HS: Het is iets waar veel laboratoria mee worstelen. Aan de ene kant gaat het om hoogwaardige technologie en de deskundigheid om complexe zaken goed te kunnen interpreteren, maar aan de andere kant heb je ook heel simpele maatregelen nodig om goede zorg te kunnen verlenen. Want als twee patiëntenmonsters worden verwisseld, dan zijn de gevolgen natuurlijk dramatisch. Wat ik ook lastig vind, en dat geldt waarschijnlijk voor alle laboratoria die patiëntenzorg bieden, is dat het merendeel van de medewerkers geen direct contact met de patiënt heeft. Hoe zorg je dan toch voor betrokkenheid?

AV: Dat is inderdaad niet zo eenvoudig. Je zou bijvoorbeeld kunnen denken aan het bijwonen van congressen waar ook patiënten hun verhaal doen. Of aan stages waarbij medewerkers meelopen in het patiëntenproces. Vanuit de RvA is die afstand overigens nog veel groter. Ook voor ons is het heel gezond om zo nu en dan weer even te reflecteren op de vraag: waarom doen we dit? Waarom willen we dat hier een goed rapport ligt?

HS: Die menselijke factor is erg belangrijk. Daarom vind ik het ook zo zorgelijk dat je als burger tegenwoordig via internet allerlei testen kunt bestellen die genetische informatie geven. Vaak wordt niet eens geclaimd dat het om medische problematiek gaat. Een commercieel bedrijf biedt dan een test aan, bijvoorbeeld voor lifestylefactoren, en bepaalt wat je genetische eigenschappen zijn. Die gegevens krijg je toegestuurd. Maar als leek weet je niet hoe relevant die gegevens zijn. Zo kregen we op een bepaald moment een telefoontje van een arts uit Estland. Zijn patiënt had online een test aangeschaft. Ze was zwanger van haar tweede kind en maakte zich grote zorgen, want haar eerste kind had een ernstige erfelijke aandoening. Op verzoek van die arts hebben we de data van die online test bekeken, en er bleek inderdaad sprake te zijn van een ernstige erfelijke aandoening. Dit zijn dingen die nu nog incidenteel voorkomen, maar ik denk dat we dergelijke vragen steeds vaker gaan krijgen.

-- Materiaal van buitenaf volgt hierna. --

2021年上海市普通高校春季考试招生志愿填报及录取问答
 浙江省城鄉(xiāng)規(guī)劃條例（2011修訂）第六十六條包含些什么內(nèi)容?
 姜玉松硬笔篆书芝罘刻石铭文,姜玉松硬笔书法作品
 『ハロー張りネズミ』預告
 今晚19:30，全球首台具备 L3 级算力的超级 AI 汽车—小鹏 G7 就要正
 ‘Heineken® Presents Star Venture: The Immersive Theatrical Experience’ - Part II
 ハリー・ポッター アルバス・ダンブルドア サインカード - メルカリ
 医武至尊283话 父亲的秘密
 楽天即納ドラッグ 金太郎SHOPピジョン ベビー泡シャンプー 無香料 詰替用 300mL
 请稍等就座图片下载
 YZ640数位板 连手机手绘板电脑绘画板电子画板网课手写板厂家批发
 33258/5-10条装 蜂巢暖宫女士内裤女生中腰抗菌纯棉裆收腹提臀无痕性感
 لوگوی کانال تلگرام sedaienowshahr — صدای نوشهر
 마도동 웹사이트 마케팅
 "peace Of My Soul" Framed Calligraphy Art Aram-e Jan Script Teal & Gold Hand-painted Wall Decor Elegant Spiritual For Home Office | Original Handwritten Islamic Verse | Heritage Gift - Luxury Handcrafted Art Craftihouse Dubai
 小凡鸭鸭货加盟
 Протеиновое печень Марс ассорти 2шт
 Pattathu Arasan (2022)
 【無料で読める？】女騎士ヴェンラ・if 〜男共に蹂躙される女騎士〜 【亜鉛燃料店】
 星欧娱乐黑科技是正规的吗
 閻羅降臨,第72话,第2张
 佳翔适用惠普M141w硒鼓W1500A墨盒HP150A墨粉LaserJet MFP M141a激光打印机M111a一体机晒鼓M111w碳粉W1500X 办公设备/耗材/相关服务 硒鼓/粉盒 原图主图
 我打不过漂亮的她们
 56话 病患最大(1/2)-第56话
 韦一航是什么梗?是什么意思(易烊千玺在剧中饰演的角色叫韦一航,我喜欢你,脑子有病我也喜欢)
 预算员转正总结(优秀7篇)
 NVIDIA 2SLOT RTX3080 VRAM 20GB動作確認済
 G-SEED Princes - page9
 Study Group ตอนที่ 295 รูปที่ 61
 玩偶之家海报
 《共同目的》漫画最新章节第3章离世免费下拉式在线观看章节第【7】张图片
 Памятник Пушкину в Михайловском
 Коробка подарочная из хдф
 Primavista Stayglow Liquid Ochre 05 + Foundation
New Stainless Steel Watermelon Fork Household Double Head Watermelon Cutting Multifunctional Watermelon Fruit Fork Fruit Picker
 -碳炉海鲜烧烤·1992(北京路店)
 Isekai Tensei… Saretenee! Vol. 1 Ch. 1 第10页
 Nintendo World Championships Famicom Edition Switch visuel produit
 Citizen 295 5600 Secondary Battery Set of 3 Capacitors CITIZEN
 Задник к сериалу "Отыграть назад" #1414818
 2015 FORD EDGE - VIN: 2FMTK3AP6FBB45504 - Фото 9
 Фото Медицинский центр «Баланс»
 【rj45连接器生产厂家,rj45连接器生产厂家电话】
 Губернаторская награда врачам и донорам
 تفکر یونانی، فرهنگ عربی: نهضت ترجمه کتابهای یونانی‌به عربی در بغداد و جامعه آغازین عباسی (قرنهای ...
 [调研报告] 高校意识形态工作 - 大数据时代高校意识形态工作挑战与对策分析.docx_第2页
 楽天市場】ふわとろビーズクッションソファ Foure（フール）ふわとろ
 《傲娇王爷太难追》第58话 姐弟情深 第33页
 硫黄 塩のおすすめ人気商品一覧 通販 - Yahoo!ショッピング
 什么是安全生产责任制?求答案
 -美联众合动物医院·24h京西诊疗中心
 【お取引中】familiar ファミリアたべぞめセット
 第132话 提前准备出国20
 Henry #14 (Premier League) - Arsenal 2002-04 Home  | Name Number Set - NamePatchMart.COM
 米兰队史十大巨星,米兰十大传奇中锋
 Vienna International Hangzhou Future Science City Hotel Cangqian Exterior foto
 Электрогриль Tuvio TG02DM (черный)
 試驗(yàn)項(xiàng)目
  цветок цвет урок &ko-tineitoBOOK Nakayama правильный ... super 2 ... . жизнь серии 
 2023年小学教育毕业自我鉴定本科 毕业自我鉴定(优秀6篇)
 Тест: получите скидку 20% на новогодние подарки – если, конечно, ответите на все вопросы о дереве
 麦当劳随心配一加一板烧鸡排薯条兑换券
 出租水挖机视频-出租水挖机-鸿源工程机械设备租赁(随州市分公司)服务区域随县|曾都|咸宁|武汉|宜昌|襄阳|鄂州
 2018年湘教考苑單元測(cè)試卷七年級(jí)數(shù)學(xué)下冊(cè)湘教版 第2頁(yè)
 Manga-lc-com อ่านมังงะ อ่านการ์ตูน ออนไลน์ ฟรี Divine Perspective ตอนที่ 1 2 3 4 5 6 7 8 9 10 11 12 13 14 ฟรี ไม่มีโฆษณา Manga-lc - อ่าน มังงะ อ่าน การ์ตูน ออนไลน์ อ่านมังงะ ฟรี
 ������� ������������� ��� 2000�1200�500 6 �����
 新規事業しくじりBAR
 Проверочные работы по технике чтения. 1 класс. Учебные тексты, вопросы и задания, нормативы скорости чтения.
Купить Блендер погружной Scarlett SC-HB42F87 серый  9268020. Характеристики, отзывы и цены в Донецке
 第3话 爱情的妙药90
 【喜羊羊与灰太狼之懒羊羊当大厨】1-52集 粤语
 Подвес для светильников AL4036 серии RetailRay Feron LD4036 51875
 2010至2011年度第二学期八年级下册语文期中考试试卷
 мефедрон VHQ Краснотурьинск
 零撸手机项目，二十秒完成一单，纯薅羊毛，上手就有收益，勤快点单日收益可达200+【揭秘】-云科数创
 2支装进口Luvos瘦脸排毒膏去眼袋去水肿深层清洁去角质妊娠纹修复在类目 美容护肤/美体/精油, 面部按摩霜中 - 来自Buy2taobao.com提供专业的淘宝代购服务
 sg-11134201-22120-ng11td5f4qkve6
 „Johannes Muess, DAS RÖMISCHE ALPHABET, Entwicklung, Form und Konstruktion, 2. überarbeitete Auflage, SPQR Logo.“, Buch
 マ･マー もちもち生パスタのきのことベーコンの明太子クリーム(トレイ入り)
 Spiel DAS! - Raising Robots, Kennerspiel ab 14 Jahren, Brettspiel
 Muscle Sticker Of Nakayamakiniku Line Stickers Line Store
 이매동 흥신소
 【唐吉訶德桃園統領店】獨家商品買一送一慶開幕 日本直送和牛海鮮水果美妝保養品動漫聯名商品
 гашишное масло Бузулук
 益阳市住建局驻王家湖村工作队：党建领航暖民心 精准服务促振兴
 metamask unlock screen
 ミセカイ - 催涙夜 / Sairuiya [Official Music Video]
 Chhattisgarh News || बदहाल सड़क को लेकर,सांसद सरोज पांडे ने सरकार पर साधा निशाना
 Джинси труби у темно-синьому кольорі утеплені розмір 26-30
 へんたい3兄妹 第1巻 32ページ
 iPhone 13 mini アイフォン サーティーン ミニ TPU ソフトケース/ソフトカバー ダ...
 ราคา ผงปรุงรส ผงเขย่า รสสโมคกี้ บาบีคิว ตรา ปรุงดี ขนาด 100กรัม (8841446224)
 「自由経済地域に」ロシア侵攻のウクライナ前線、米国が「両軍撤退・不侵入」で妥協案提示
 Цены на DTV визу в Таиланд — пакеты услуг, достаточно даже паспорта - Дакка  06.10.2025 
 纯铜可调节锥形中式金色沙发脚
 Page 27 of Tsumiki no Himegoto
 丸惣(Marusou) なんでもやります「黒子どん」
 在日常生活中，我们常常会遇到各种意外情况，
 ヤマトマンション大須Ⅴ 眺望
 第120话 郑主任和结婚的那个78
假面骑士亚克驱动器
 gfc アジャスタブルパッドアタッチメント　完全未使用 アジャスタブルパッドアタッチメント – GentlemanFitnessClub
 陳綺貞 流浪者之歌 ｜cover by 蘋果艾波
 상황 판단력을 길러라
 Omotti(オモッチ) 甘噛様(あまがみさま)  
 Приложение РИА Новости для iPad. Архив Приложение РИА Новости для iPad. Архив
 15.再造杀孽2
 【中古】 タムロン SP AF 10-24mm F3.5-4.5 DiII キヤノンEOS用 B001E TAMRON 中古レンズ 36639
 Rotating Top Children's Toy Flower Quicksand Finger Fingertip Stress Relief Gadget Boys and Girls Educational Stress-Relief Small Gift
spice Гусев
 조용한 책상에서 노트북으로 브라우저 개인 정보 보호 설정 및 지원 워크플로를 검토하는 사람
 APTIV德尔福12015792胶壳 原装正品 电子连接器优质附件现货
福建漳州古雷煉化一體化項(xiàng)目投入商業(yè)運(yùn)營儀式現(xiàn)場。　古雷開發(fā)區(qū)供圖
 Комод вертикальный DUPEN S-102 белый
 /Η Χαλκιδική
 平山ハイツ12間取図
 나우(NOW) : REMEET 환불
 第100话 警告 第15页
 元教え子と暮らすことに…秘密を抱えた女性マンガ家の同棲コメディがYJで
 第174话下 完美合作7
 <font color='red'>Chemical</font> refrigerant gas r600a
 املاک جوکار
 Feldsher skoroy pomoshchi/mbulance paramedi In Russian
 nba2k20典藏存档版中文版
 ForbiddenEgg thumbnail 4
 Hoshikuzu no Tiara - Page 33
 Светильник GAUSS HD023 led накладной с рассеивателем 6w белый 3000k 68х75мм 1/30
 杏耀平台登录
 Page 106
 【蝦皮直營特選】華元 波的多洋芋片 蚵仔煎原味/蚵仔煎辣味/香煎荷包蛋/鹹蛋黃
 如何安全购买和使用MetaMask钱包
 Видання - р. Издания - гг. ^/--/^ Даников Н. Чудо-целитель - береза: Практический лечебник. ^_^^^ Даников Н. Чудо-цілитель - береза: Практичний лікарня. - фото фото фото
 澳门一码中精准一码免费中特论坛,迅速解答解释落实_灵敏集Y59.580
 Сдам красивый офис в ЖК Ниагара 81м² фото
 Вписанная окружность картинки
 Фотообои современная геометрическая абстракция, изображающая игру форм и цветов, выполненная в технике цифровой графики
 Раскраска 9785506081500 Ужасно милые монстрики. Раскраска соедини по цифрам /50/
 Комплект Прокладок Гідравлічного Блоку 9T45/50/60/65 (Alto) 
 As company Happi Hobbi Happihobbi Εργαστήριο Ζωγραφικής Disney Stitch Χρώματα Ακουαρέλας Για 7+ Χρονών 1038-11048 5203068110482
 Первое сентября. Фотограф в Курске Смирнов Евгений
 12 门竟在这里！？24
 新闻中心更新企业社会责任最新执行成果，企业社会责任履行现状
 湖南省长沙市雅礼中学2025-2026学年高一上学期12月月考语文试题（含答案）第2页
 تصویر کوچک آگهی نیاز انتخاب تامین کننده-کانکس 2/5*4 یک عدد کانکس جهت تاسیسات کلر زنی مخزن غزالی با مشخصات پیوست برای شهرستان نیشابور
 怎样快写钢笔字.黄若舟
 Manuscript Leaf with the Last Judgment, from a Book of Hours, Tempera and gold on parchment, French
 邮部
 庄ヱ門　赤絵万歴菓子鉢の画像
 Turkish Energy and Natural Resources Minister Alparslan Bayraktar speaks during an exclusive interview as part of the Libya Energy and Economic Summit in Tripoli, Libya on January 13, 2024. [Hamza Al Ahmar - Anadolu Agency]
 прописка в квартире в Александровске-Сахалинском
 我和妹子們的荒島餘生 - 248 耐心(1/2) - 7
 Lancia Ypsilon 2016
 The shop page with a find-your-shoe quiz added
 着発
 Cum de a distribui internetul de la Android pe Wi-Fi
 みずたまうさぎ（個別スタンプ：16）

AV: Juist die adviesrol vormt een wezenlijk onderdeel in dit werk. Een losse technische uitslag zegt soms helemaal niets. Het gaat erom dat een deskundige die uitslag interpreteert en vervolgens met een passend advies komt. Dáár zit de meerwaarde.

Internationale erkenning

AV: Als RvA beoordelen we de deskundigheid, onpartijdigheid en onafhankelijkheid van medische laboratoria. De komende jaren staan we voor een grootschalige transitie. We laten de CCKL Praktijkrichtlijn (de nationale norm) los en stappen gefaseerd over op accreditatie volgens de internationale norm ISO 15189. Laboratoria krijgen daarmee een accreditatie die ook internationaal wordt erkend en daardoor meerwaarde heeft.

HS: Binnen het Radboudumc doen we veel aan buitenlandse laboratoriumdiagnostiek. Dan is het prettig als je met een norm werkt die ook in het buitenland bekend is. Daarnaast denk ik dat het goed is als er op Europees niveau meer uniformiteit in kwaliteit en service komt. Zeker in dit vakgebied, waar het om zeldzame ziekten gaat en waar je dus soms op zoek moet naar een laboratorium dat meer ervaring heeft met een bepaalde aandoening.

AV: ISO 15189 verschilt op een aantal punten van de CCKL Praktijkrichtlijn. Zo besteedt de nieuwe norm meer aandacht aan risicopreventie. Wat kan er allemaal misgaan als je het proces op deze manier gaat inrichten? En hoe kun je dat proberen te voorkomen? Maar ook: waar wil je absoluut geen risico’s nemen? En waar neem je bewust wel risico’s, omdat de kans dat het misgaat relatief klein is? Je kunt niet alles dichttimmeren. Daar moet je vooraf goed over nadenken.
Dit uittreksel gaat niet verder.